Please refer to this paper if you use it. As far as licensing goes, I make no guarantees whatsoever, I incur no blame for anything.


This is the version of Moses that can run it directly. When running configure, use --with-stlm=/path/to/stlm and then make as usual. The language model ID is 10. It should all be set to be used in the experiment management system.


Troubleshooting: If you get a SEGFAULT at program invocation on the ./bin/stlm binary, comment out line number 25 in Text.cpp (vocba[ROOT] = index++).


Multiple-Infer Alchemy

This is a version of Alchemy (Markov Logic Network) that can be invoked once, then queried multiple times via an xmlrpc service. After downloading, run make in the src folder, as usual. Then invoke infer with normal arguments, including the query parameters and the evidence file. It will always read from the same evidence file, so that file will need to be updated every time you invoke infer. You can set the port with the -port flag.

Below is a sample python client that can tell the server to run inference.

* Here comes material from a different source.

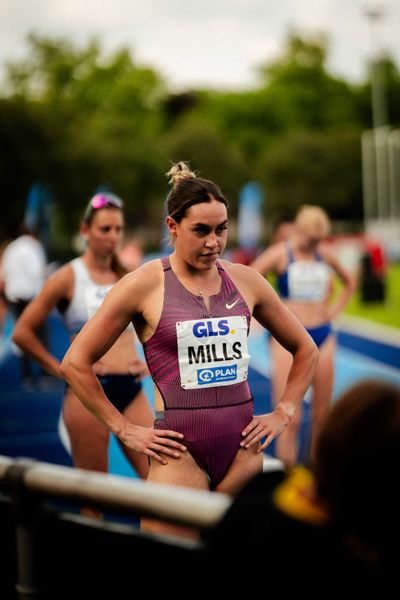 Holly Mills (GBR) am 200m Start am 22.06.2024 beim Stadtwerke Ratingen Mehrkampf-Meeting 2024 in Ratingen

The service returns the results to the client, which is then printed out. There is a simple markup in the results to help with parsing.

import xmlrpclib
proxy = xmlrpclib.ServerProxy("http://localhost:3001")
print proxy.infer([True])

The [True] parameter tells it to renew the evidence to the original trained mln file (as specified when infer was invoked). False, then, would keep all evidence up until that point (not really well tested). Note that it does take quite a bit of memory. I had a trained mln file that was pretty large (took about 30 seconds to load), and was able to run inference on it about one thousand times before it ran out of memory. It's enough for me, so I'm not going to spend any more time with it.